Cause i might concider picking this up to mmke it a wide neck 6(


----------



## in-pursuit

for the price this is likely to be, you could afford to have someone make you a 6 string bass with whatever string spacing you like.


----------



## ZEBOV

I'm pretty damn sure I'll grab one of these before June.


----------



## iron blast

or he could buy a broad neck warwick used they are around the cost of this bass


----------



## Veldar

So there's a guy called Ben Shepherd trying it out.

Ben Shepherd trying out a 7 string Ibanez BTB Bass at NAMM - YouTube


----------



## ixlramp




----------



## Dayn

My prayers have been answered. Even if it's a Premium. It's perfect.


----------



## abandonist

Wait, is this tuned like the Bill Dickinson Groovetools, or is that an extra low?


----------



## DavidLopezJr

Veldar said:


>


Holy crap do those new Ibanez Cap Sonic pups sound great. They currently have it tuned BEADGCF.


----------



## troyguitar

I actually want a 7-string bass to tune the same as my 7-string guitars (BEADGBE) so I don't have to memorize a different tuning. Since I use the first string as a reference instead of the lowest one, playing bass always messes with my head.


----------



## TolerancEJ

I would love to own this! I already own a GTBD-7 tuned at standard BEADGCF. If I picked up this BTB7, I would set it up at F#BEADFC.


----------



## ApteraBassist

troyguitar said:


> I actually want a 7-string bass to tune the same as my 7-string guitars (BEADGBE) so I don't have to memorize a different tuning. Since I use the first string as a reference instead of the lowest one, playing bass always messes with my head.

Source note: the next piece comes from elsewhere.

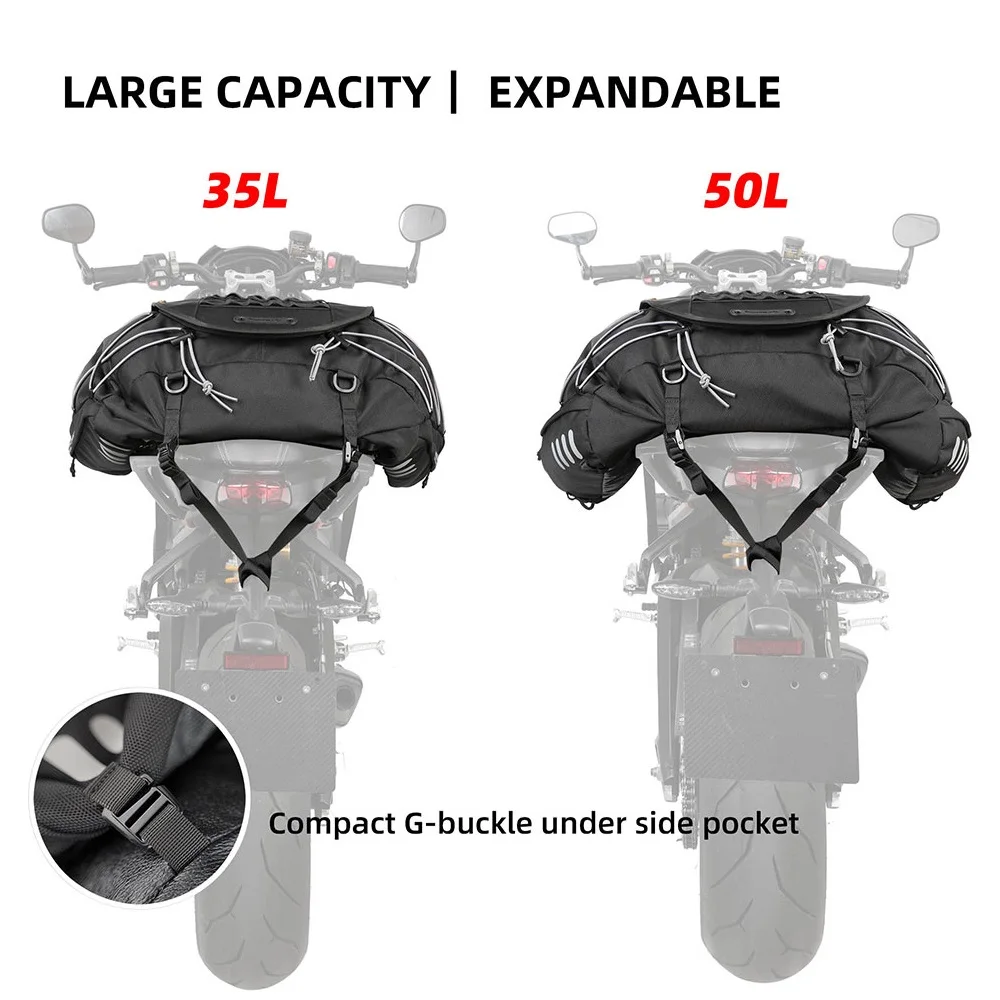 35-50l Motorcycle Bag Waterproof Expandable Motor Tail Back Seat Bag Motorcycle Bagwith Straps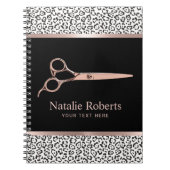 Modern Leopard Hair Stylist Roos Gold Scissor Notitieboek (Voorkant)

this is how my basses are tuned. there seriously needs to be more production model 7's... good for ibanez jumping on it early


----------



## LivingTimmy

Any idea when/if these things will be selling?! Me wants sooo bad


----------



## The Omega Cluster

I think I will give in and buy this...


----------



## Alpenglow

Loxodrome said:


> Anyone know the string spacing?
> Cause i might concider picking this up to mmke it a wide neck 6(


----------



## JosephAOI

From Danny Hauser:

"Ibanez hooked it up so hard!! Cant stop playing this!"


----------



## MassNecrophagia

Loxodrome said:


> Anyone know the string spacing?
> Cause i might concider picking this up to mmke it a wide neck 6(


 
Don't be _that_ guy


----------



## DavidLopezJr

Hey guys I contacted Ibanez about the BTB and here is the response:


----------



## ixlramp

Very reasonable price considering the top-end hardware and pickups. They could have inflated the price just because it had 7 strings.


----------



## HighGain510

Damn! That thing sounds excellent and the price is really not that bad.


----------



## SamSam

I'm kinda tempted by these too. I don't own a bass but damn...


----------



## rythmic_pulses

My bass player owns a BTB and he hates it????
I however love the extra tension you get from that extra inch it packs (to me it makes all the difference in clarity).

I even love the way they play, from the 4 and all the way to the 6, so this 7 should be more of the same great quality sound and builds.

I'd have it set up as F#BEADGB personally


----------



## abandonist

I've been playing my 6 BTB and I just don't think I'd need that extra string.


----------



## Dayn

Well then. That's a guaranteed $3,000 Australian price tag. I hope I can just import it from Japan, even if it's a special order.


----------



## Bigfan

abandonist said:


> I've been playing my 6 BTB and I just don't think I'd need that extra string.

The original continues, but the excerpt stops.